I believe that'd run into the same problem with shared params across nominally different layers. Maybe one idea would be to separately count the number of shared params and report that?
Can we farm more of this out to Functors / Optimisers? Instead of building an IdSet by hand, let Functors cache things. Then this will inherit its understanding of Adjoint etc.
(I believe Optimisers.jl has a trainable-only walk definition, since it owns that concept.)
I believe that'd run into the same problem with shared params across nominally different layers. Maybe one idea would be to separately count the number of shared params and report that?
Hi @ToucheSir, could you explain the "nominally different layers" part? I didn't quite follow it. Maybe an example?
Can we farm more of this out to Functors / Optimisers? Instead of building an IdSet by hand, let Functors cache things.
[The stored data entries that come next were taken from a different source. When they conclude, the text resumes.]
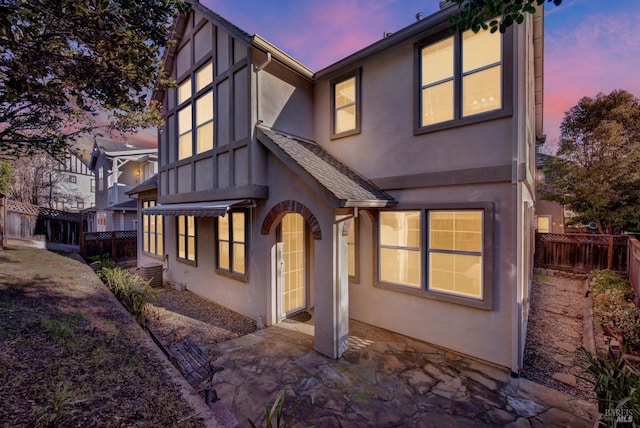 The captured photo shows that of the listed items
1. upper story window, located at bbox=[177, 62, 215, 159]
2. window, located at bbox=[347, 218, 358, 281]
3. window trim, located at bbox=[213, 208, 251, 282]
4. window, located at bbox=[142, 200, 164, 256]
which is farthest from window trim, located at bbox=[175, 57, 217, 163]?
window, located at bbox=[347, 218, 358, 281]

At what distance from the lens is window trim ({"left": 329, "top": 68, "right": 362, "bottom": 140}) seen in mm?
8102

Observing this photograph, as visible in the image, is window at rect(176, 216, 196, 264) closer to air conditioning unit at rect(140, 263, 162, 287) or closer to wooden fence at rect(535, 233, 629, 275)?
air conditioning unit at rect(140, 263, 162, 287)

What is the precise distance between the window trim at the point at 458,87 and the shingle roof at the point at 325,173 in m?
1.89

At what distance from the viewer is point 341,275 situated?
6.36 meters

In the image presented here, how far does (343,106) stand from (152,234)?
1194cm

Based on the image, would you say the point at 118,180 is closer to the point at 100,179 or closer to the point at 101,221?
the point at 100,179

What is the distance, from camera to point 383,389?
5.09 meters

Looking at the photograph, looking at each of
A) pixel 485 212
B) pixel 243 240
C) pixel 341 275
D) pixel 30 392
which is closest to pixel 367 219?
pixel 341 275

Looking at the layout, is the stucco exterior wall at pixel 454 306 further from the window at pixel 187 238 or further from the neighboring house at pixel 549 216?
the neighboring house at pixel 549 216

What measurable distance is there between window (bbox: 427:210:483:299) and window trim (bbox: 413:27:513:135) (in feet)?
6.61

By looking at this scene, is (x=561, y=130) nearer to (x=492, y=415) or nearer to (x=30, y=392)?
(x=492, y=415)

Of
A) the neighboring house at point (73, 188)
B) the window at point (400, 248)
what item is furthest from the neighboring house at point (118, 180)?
the window at point (400, 248)

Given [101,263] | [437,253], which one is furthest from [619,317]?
[101,263]

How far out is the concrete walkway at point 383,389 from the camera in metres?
4.39
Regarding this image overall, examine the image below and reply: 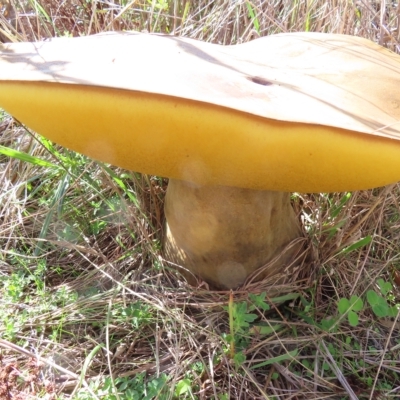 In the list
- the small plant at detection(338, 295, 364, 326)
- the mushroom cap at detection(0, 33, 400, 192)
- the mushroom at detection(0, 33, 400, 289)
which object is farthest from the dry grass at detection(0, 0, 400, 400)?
the mushroom cap at detection(0, 33, 400, 192)

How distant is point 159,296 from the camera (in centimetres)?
116

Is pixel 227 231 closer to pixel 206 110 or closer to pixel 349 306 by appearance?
pixel 349 306

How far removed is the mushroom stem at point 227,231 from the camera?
1.01 m

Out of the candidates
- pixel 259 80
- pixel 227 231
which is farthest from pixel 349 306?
pixel 259 80

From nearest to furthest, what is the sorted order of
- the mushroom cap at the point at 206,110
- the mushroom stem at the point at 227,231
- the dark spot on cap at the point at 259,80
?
1. the mushroom cap at the point at 206,110
2. the dark spot on cap at the point at 259,80
3. the mushroom stem at the point at 227,231

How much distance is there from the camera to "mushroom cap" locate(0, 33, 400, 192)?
0.60 metres

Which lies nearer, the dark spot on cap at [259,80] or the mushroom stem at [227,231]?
the dark spot on cap at [259,80]

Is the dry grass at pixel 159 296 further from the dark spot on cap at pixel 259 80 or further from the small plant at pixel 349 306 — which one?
the dark spot on cap at pixel 259 80

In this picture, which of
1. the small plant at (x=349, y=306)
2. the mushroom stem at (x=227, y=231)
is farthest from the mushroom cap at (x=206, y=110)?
the small plant at (x=349, y=306)

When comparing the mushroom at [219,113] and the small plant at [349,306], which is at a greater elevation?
the mushroom at [219,113]

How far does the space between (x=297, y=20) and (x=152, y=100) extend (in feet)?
3.80

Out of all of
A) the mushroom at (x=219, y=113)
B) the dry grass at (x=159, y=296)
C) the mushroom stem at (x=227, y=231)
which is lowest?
the dry grass at (x=159, y=296)

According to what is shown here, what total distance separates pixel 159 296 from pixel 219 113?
691 mm

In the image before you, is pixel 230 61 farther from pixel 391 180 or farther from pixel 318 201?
pixel 318 201
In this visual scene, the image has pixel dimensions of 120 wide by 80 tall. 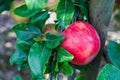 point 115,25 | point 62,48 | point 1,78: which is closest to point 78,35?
point 62,48

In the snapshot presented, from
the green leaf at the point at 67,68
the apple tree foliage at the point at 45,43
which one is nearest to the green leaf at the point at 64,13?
the apple tree foliage at the point at 45,43

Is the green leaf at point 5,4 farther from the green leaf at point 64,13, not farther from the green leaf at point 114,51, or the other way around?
the green leaf at point 114,51

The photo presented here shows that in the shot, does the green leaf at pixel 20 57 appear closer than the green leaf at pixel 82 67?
Yes

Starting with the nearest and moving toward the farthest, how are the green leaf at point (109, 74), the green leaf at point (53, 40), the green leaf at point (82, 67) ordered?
1. the green leaf at point (109, 74)
2. the green leaf at point (53, 40)
3. the green leaf at point (82, 67)

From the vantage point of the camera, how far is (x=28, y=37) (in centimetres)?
90

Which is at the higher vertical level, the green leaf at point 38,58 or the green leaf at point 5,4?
the green leaf at point 5,4

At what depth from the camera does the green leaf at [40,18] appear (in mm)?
907

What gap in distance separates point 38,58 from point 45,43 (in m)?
0.05

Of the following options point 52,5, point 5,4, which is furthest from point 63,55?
point 5,4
Then this will inherit its understanding of Adjoint etc.
(I believe Optimisers.jl has a trainable-only walk definition, since it owns that concept.)
Sure; I'll take a look at both Functors and Optimisers more closely.
Something like this:
d1 = Dense(3 => 4)
d2 = Dense(d1.weight)
d1.weight === d2.weight # tied
d1 !== d2 # but pushing the whole layer won't capture that
d1 !== d2
I see, yes, that makes sense. I think, any solution which counts distinct (or shared) parameters in a model must use some form of unique ID associated to that parameter (I can't think of other ways atm, maybe there are more clever ways). Can we somehow associate such an ID to every parameter in a Flux model? Or more generally, associate some metadata to each leaf of a struct?
Functors uses a cache which should detect such sharing. It's a little smarter than just using objectid
, so as not to catch immutable objects which are accidentally ===
.
julia> using Functors, Flux
julia> let mat = rand(2,2)
model = Chain(Dense(mat), Dense(mat')) # separate bias vectors
cnt = Ref(0)
fmapstructure(model; exclude=x->x isa Array) do x
cnt[] += 1
end
end
(layers = ((weight = 1, bias = 2, σ = ()), (weight = (parent = 1,), bias = 3, σ = ())),)
julia> using StaticArrays
julia> [1,2] === [1,2] # different arrays with same value, not shared
false
julia> SA[1,2] === SA[1,2] # here the value is the only identity... still not shared.
true
julia> let mat = @SMatrix rand(2,2)
model = Chain(Dense(mat), Dense(mat')) # still has mat === mat
cnt = Ref(0)
fmapstructure(model; exclude=x->x isa AbstractArray) do x
cnt[] += 1
end
end
(layers = ((weight = 1, bias = 2, σ = ()), (weight = 3, bias = 4, σ = ())),)
I think fmap
like this ought to be equivalent to Flux.params
. But the trainable count needs a modified walk to exclude some children.